Twenty-year follow-up of statins in children with familial hypercholesterolemia
New England Journal of Medicine Oct 24, 2019
Luirink IK, Wiegman A, Kusters DM, et al. - Given the established short-term efficacy of statin therapy in children with familial hypercholesterolemia, which is characterized by severely elevated low-density lipoprotein (LDL) cholesterol levels and premature cardiovascular disease, researchers reported a 20-year follow-up study of statin therapy in children to assess changes in the risk of cardiovascular disease in long term. Of 214 patients with familial hypercholesterolemia (genetically confirmed in 98% of the patients), who previously participated in a placebo-controlled trial evaluating the 2-year efficacy and safety of pravastatin, together with their 95 unaffected siblings, were invited for follow-up; 184 of 214 patients with familial hypercholesterolemia (86%) and 77 of 95 siblings (81%) were examined in follow-up.

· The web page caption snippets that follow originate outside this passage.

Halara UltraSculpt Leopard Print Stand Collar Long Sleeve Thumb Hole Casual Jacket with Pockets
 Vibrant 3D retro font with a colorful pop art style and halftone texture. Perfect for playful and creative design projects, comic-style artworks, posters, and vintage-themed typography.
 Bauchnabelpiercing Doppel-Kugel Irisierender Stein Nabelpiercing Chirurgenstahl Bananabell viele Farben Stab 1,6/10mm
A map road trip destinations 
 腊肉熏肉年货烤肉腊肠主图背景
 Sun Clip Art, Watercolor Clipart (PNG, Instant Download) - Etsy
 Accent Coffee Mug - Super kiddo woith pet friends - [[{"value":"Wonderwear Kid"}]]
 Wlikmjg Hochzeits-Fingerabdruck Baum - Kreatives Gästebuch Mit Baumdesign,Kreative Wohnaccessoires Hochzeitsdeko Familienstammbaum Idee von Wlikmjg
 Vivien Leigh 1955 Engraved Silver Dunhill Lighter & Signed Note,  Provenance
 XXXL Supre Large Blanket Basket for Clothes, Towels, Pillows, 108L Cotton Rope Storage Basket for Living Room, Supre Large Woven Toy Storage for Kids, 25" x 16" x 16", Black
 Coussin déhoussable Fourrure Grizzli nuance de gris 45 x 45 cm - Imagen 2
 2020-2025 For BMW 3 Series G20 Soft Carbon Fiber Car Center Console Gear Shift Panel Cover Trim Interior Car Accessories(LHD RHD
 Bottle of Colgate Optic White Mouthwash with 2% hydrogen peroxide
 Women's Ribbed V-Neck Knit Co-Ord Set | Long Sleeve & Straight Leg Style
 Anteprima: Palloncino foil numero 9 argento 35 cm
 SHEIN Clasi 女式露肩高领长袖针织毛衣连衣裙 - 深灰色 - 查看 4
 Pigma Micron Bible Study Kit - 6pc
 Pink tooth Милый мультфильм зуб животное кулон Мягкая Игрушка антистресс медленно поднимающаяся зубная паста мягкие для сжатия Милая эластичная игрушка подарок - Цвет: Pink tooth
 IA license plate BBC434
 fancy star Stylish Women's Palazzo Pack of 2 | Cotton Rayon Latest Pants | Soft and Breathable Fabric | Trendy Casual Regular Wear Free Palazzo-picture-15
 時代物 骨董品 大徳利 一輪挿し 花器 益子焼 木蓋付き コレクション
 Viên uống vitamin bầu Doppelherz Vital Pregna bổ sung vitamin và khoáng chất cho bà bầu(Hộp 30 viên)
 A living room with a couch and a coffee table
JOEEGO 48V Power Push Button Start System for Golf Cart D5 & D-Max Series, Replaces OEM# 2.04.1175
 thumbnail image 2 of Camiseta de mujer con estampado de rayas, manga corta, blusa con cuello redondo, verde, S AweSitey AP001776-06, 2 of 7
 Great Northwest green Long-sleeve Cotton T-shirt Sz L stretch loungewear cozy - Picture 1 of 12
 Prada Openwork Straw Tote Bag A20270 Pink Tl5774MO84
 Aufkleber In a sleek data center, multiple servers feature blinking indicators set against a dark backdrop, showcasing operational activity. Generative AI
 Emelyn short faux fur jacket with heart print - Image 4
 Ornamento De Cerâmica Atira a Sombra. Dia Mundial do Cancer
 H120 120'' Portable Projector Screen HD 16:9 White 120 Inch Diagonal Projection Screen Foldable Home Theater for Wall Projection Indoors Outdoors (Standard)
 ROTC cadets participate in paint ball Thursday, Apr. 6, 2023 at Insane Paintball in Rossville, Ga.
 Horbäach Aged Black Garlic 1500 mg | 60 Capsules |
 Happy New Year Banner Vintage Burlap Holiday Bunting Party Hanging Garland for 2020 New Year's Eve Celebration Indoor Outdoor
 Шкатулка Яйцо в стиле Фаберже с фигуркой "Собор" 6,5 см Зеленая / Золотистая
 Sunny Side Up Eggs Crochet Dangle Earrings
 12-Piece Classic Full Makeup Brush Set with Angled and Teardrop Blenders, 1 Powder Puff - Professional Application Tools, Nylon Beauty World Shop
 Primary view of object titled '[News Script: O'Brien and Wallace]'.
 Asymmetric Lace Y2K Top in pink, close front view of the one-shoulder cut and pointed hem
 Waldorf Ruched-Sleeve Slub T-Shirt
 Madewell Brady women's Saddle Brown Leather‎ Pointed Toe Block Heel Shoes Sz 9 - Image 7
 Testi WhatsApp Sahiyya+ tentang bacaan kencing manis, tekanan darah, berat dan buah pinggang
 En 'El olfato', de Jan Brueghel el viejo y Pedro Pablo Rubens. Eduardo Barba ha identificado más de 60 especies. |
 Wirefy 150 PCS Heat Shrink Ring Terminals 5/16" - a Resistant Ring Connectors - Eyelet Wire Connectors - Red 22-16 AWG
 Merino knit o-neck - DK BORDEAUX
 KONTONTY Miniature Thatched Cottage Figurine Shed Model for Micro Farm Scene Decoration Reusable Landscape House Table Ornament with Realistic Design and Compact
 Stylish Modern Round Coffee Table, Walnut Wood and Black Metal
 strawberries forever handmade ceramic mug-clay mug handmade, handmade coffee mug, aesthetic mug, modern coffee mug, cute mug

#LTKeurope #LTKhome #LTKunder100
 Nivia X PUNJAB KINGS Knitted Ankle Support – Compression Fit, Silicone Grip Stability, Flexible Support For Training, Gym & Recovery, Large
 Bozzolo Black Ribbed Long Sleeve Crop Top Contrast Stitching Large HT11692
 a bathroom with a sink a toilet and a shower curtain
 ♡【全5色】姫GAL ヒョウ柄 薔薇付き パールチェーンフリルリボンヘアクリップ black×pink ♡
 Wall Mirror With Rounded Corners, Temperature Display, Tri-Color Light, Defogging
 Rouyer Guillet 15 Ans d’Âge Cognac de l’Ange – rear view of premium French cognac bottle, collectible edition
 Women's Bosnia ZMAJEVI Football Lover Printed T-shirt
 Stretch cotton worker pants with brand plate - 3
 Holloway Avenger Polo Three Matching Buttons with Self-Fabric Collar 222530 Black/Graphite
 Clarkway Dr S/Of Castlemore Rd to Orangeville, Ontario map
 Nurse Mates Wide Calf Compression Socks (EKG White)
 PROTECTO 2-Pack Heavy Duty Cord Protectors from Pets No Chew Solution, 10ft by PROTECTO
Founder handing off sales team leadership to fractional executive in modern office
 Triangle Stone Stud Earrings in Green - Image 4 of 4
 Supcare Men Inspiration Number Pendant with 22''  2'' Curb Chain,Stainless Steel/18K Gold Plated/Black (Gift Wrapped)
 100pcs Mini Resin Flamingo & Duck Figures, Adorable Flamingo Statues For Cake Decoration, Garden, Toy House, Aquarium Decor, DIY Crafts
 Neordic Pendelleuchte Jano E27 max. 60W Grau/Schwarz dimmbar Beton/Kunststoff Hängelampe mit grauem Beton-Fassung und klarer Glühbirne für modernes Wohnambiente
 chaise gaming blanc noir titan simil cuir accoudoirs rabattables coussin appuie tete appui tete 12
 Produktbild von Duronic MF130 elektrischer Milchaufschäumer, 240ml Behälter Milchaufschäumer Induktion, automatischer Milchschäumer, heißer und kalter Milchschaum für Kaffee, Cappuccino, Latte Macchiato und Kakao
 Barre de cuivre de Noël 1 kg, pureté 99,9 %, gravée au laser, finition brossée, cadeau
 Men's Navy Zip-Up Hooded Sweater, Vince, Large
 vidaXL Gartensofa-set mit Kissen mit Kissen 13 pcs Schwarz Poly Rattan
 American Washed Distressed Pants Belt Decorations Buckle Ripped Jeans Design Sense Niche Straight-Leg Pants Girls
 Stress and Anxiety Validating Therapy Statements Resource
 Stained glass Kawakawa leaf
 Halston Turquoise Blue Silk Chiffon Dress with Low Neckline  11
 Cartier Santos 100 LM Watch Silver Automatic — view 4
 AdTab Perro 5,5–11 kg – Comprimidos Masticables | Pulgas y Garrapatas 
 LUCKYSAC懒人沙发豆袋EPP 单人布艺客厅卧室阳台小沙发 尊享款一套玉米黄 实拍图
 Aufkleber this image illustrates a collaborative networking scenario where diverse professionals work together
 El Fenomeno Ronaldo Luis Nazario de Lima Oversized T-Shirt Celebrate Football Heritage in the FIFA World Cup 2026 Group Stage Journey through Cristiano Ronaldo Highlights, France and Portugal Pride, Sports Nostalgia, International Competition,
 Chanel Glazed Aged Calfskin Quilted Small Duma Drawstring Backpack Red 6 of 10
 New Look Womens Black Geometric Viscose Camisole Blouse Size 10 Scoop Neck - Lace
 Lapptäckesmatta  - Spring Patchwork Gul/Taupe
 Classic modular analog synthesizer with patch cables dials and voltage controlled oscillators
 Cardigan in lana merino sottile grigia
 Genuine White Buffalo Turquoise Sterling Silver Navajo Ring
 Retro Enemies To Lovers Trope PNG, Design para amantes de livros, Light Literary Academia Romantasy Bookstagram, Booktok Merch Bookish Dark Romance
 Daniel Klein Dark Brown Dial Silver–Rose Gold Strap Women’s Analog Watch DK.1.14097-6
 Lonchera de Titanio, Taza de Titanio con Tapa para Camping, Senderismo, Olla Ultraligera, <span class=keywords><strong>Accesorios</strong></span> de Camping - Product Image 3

The analysis revealed slowing down of the progression of carotid intima-media thickness and reduction in the risk of cardiovascular disease in adulthood in relation to the initiation of statin therapy in patients with familial hypercholesterolemia was done during childhood. Overall they observed the lower cumulative incidence of cardiovascular events and of death from cardiovascular causes at 39 years of age among the patients with familial hypercholesterolemia than among their affected parents (1% vs 26% and 0% vs 7%, respectively).